And no wonder. We get off to a roaring start this week. You’ll forgive me if I’m thinking about outer space – I just saw the movie The Martian last night, and I think stars are totally awesome right now.
But so – obviously – does Hashem.
Yet that isn’t the most mindblowing thing about this week’s parsha. It opens with the most promising beginning, of any story ever told. Hollywood has nothing on this.
Listen to this: Hashem takes a homeless guy. Literally. He’s just been evicted, because he refused to follow the local religion in Ur-Kasdim, where he grew up. He’s not a young guy, either. He’s very, very old, and so’s his wife. They have no children.
So Hashem takes this homeless, barren man and makes the two biggest promises of history. “You’re going to have a land; not just any land, but the best land ever, the centre of the universe. Oh, and you’re going to have children – lots and lots of children.”

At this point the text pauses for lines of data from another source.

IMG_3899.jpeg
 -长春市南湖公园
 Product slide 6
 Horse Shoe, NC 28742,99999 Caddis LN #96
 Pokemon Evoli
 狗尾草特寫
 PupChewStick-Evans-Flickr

Really makes you sit up and listen, doesn’t it?
So listen to this, too, while I’ve got you here: Hashem also says he'll make Avram's descendents like the dust of the earth. Um, okay. Now that’s a bit of a comedown. Who wants to be like dust? That's totally not worth much.
But here's the thing the Baal Shem Tov taught us about stars:stars look small from a distance, just tiny specks, but we know that they are really, up-close, very huge. (If you want to see how huge it all is, go see The Martian!)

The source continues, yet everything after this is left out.